7. The plaintiff also discovered that although x x x the original sale did not specify the
parcels of land sold by Canuto Sioson, the defendants submitted an alleged Affidavit
executed by Felicidad Sioson and Beatriz Sioson identifying the lots sold by Canuto
Sioson to the defendants as Lots 2-A and 2-E of subdivision plan Psd-34713. Copy of the
Affidavit dated October 3, 1968 on the basis of which the present Transfer Certificate of
Title No. (232252) 1321 was issued to the defendants is hereto attached and forms an
integral part hereof as Annex "D;"
8. The defendants are clearly guilty of fraud in presenting the aforementioned Affidavit
(Annex "D") to the Register of Deeds as the basis of their claim to Lots 2-A and 2-E in
view of the fact that the parcels sold to them by Canuto Sioson, assuming there was such
a sale, were different parcels of land, Lots 2-A and 2-E being the properties of the late
Catalina Sioson who bequeathed the same to the plaintiff.
xxxx
12. Because of the defendants fraudulent actuations on this matter, plaintiff suffered and
continious [sic] to suffer moral damages arising from anxiety, shock and wounded
feelings.
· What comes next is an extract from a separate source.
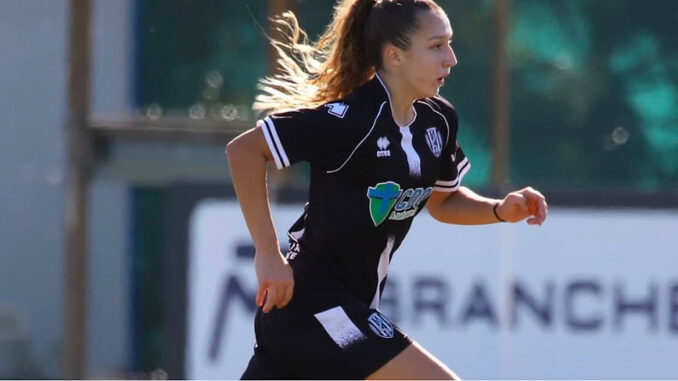 Ternana Women accoglie Sofia Testa, talento offensivo classe 2006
Defendants should also be assessed exemplary damages by way of a lesson to
deter them from again committing the fraudulent acts, or acts of similar nature, by virtue
of which they were able to obtain title to the parcels of land involved in this case x x x.29
(Emphasis supplied)
Indeed, all throughout the proceedings below and even in her Comment to this petition,

REMEDIOS continued to pursue her claim as the alleged owner of one-half of the
disputed lots.
Other Matters Raised in the Petition
The Court deems it unnecessary to pass upon the other errors petitioners assigned
concerning the award of damages and attorneys fees to REMEDIOS. Such award
assumes that REMEDIOS is a real party-in-interest and that she timely filed her
complaint. As earlier shown, this is not the case.
WHEREFORE, we GRANT the petition. The Decision of the Court of Appeals dated 31
January 1994 and its Resolution dated 15 June 1994 are SET ASIDE. The complaint filed
by respondent Remedios Eugenio-Gino, dated 2 February 1988 is DISMISSED.
SO ORDERED.
Davide, Jr., C.J., Vitug, Ynares-Santiago and Azcuna, JJ., concur.